Nature’s Destructive Power

For our first day of class, we went to the rare book room of the library and got to look at some old maps and pictures of Davidson’s campus, showing everything from topography and vegetation to building layouts. It really gives a sense of how the campus has evolved and grown over time (personally, the change I most appreciate is not having to live in the same building where classes are held). However, the thing that I noticed most in the maps and pictures was how the old Chambers building burned in 1921, and how the lot where it once stood remained untouched for many years after.

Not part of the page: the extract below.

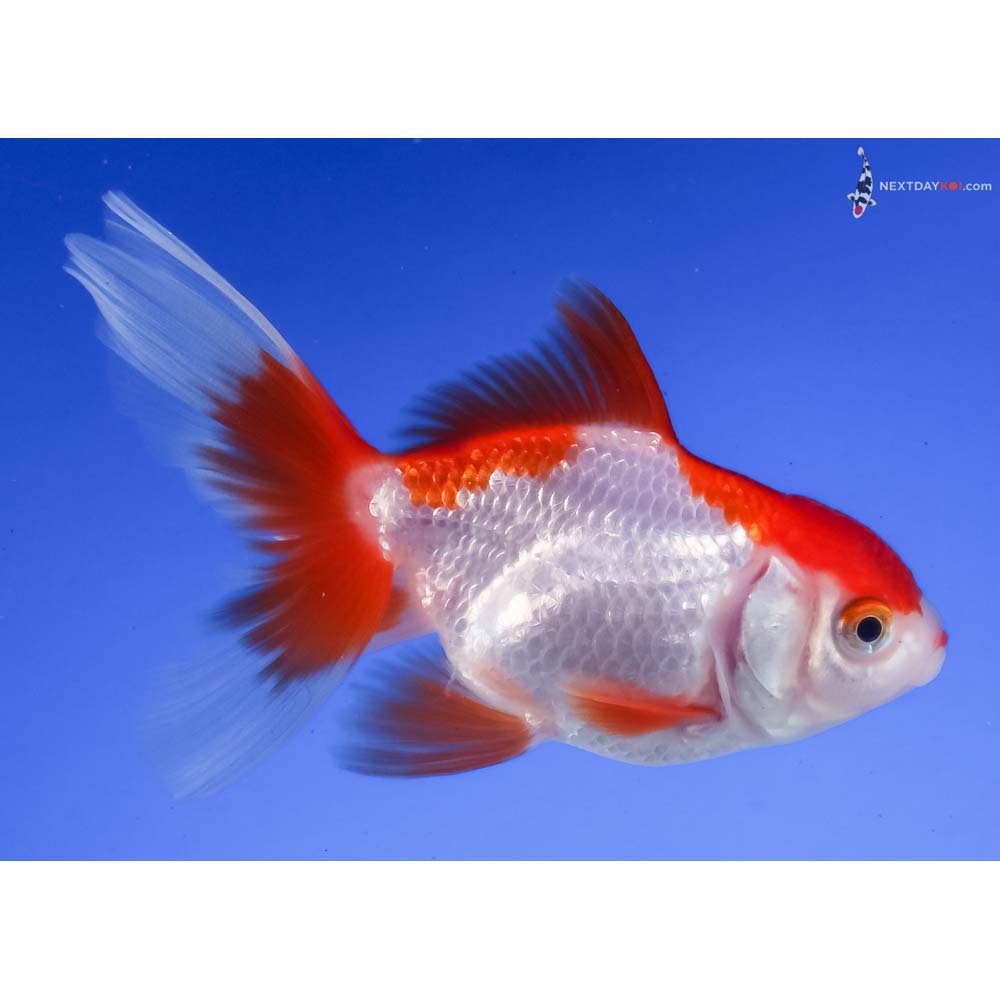 3.5” Imported Red and White Oranda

In many ways, mankind’s history, particularly in the United States, has been a story of a slow but sure mastery over nature. As technology has advanced, humans have conquered many of the obstacles nature presents. We have cities full of buildings, some a hundred stories tall, which protect us from the cold and other elements. To cross North America was once a long, dangerous task—now, one can simply fly across the country in six hours. Unsurprisingly, this has given humans a sense of superiority over nature, a belief that nature no longer poses us a threat. However, disasters such as earthquakes and tsunamis strike often enough for most people to retain a healthy respect for the power of nature.

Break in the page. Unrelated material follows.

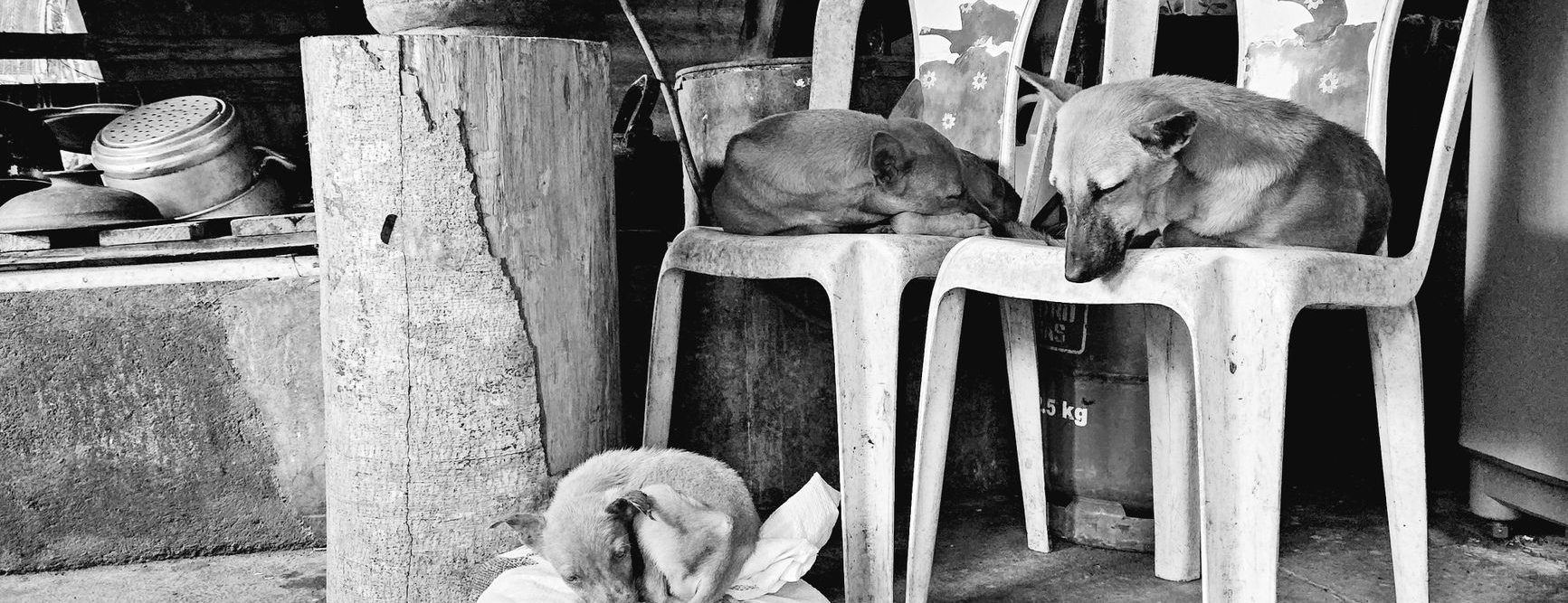 black and white photo of dogs sleeping in a basement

Davidson seems to have gotten its own lesson in nature’s wrath when the old Chambers building, the focal point of its campus, burned down. In a letter to his mother, one student present for the fire writes that he “never saw such a magnificent, awe-inspiring, heart-rending sigh in all my life and never hope to again,” also noting that people could see the glow from the fire from as far away as Winston-Salem. The student also describes that the building looked “ghastly,” with only its walls and pillars still standing. That leads me to the next thing I found interesting—the school’s choice to, after leveling the ruins, leave the empty lot, which became known as the “Ghost of Old Chambers” where the building once stood. One could look at the decision to leave the Ghost as a simple memorial to the old building. However, one could also view the Ghost as constant reminder to Davidson students and faculty that, no matter how much we advance, we are still vulnerable to the powers of nature. Looking at a picture of the Ghost on the school’s online archive, one must admit that it functions as an ominous reminder not to become overconfident in our dealings with nature.